Today, weapons physicists still rely on the data from these early tests, which they plug into computer-modeled explosion scenarios to assess the United States’ newer nuclear arsenal. The films themselves have spent decades in storage, and, until recently, some were turning to powder, slowly becoming unwatchable. When a Livermore physicist noticed that the data produced by the computer models did not match measurements taken from the test footage, he dug out the films, and a restoration effort began. The physicist is now working with a film preservation expert and two nuclear historians to make the films accessible for updated analysis.
Livermore’s goals in publically releasing the footage are less obvious.
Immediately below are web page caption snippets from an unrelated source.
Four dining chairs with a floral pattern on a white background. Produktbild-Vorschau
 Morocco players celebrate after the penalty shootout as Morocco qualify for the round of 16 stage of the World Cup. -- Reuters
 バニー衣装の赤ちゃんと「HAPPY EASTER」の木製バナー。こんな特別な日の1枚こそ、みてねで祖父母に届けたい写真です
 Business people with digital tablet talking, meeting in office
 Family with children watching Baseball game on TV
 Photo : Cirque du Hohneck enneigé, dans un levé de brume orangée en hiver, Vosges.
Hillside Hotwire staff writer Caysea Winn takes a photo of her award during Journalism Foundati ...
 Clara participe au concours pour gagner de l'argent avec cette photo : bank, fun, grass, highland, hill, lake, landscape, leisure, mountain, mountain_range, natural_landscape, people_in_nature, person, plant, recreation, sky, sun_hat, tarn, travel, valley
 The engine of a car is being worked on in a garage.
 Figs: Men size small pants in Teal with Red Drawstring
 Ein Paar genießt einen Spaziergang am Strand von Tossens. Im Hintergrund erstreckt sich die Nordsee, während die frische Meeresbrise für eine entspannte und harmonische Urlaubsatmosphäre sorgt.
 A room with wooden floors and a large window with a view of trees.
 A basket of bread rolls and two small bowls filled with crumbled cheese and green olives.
The aftereffects of these tests have long been a part of our lives—according to the CDC, small amounts of radioactive materials can be found in the bodies of anyone living in the United States since 1951. But the physical fact of living in a world where nuclear weapons have been used does nothing to prepare a person for the real possibility that nuclear weapons might be used again. Nuclear war is now discussed as a thinkable or even inevitable option by those with the power to start one. Meanwhile, the most recognizable portrayals of nuclear war remain grounded in the moral and aesthetic universe of the Cold War, a frame of reference that can seem retro and, at times, cartoonish. How does watching these videos inform a non-scientist who is attempting to imagine their fate in relation to nuclear cataclysm?
It is not clear that the test footage provides much insight. Watching these films today is not a particularly jarring experience. Many are very beautiful. Many only vaguely resemble explosions. They leave you with the impression that each bomb and its effects are totally contained, in the frame and in time. If they summon fear at all, it is faraway, at once historic and speculative.
Since the videos were posted on March 13, they have collectively been viewed more than 5 million times. Slowly, people marvel at them, make their own associations, choose favorites, and claim the uncertain privilege of having a personal reaction to a nuclear explosion. In the absence of a popular discourse that adequately acknowledges the present-day dangers of nuclear war, Robert Oppenheimer’s quote from the Bhagavad Gita upon witnessing the Trinity test—“I am become death, destroyer of worlds”—remains a template for U.S. reactions to the bomb: a kind of spiritualized solemnity that does nothing more than marvel at its own strength. Allegedly, Oppenheimer intended the quote from the perspective of the bomb, which makes the gesture more ambiguous and might introduce the possibility of humility. But that is profoundly dangerous in its own way. By giving the bomb divine agency, Oppenheimer narrates himself into a more livable position. He is merely watching a war that must, by its own momentum, take place; he is a sacrifice to a nuclear force of nature that would have materialized with or without him.
The creation of Livermore’s nuclear test footage archive allows viewers to follow suit. As a public record, the films tend more than anything to normalize and extend the politics of the Cold War. Making this footage available to anyone is one way of reviving and reinventing the crumbling visual vocabulary of mutually assured destruction, of reinvigorating the logic of relations between nuclear states.